En son Gethia De Laqué tarafından Salı Eyl. 08, 2009 3:36 am tarihinde değiştirildi, toplamda 6 kere değiştirildi | |
| | | Sylvia B. Deacon Karanlık Sanatlara Karşı Savunma Profesörü
Mesaj Sayısı : 9
| Konu: Geri: Vampir Alımları Çarş. Eyl. 02, 2009 1:43 pm | |
|
* Adım & Soyadım * Sylvia Bonnie Deacon
* Vampir Olma Nedenim * Çünkü karakterimin vampir olması, çok yaratıcı ve bol malzemeli bir kurgu yaratıyor. Ayrıca sakin bir yapıya sahip karakterim, vampir kurgusuyla birleşerek soğuk ve otoriter bi hal alıyor...Vampirliğin getirisi olan bu soğukkanlı ve kuralcı yapı karakterimde bulunmasını istediğim özelliklerden biri olmakla beraber aynı zamanda Hogwarts'ta bu karaktere sahip bir profesörün bulunmasının ilginç ve yenilikçi olduğuna inanıyorum.

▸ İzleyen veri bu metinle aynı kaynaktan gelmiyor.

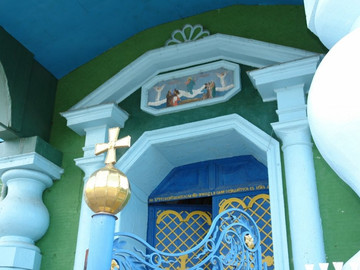 Вознесенский собор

* Kişisel Özelliklerim * Duygularımı belli etmemek gibi bir özelliğim olmasına rağmen insanların ve öğrencilerin hakkımda veya başka konularda neler hissettiğini, düşündüğünü bilebilirim. Herkes benim soğuk, kuralcı, otoriter ve kötü olduğumu düşünür, aslında haklılar bir yerde ama kötü olduğuma inanmıyorum. Vampirlik bir ırktır, seçip kontrol edebileceğin bir özellik değil, eğer bu yolda ilerlemeye karar verdiyseniz, elinizden geleni yapmak zorundasınız, aksi takdirde o yol sizin için bitmiş demektir. Bu yüzden her zaman için elimden geleni yapmak huyumdur, vampirken soğukkanlı ve sakin olmak da. Her şeye rağmen vampir olmaya bayıldığımı söylemek zorundayım, bana bahşedilen bu harika özelliklerden yararlanmamak gibi budalaca bir davranış sergilemeyeceğimden emin olduğum zamanlarda dönüştürüldüm. Kafam net olduğundan benim için bir sorun olmadığına inanıyordum, bu yüzden vampir olmak benim için harika bir olay. Kişisel özelliklerime gelince soğukkanlı, kuralcı, otoriter, affetmeyen ve itici. İnsanlara güvenmiyorum, gerektiğinde gereğinden fazla alaycı ve dalgacı olabiliyorum. Asla bana karşı yapılan bir hatayı unutmam ve bunu sürekli hatırlatarak karşımdakinin rahatsız olmasını amaçlarım. Sorumluluk bilincim yerindedir, profesörken asla taviz vermem ve hep en iyisini isterim. Öğrenciler ellerinden geleni yaptıkları sürece bir sorun yaşanmayacaktır ama dersimde rahat, geniş, laubali ve gevşek hareketler sergileyen öğrencilerin vay haline...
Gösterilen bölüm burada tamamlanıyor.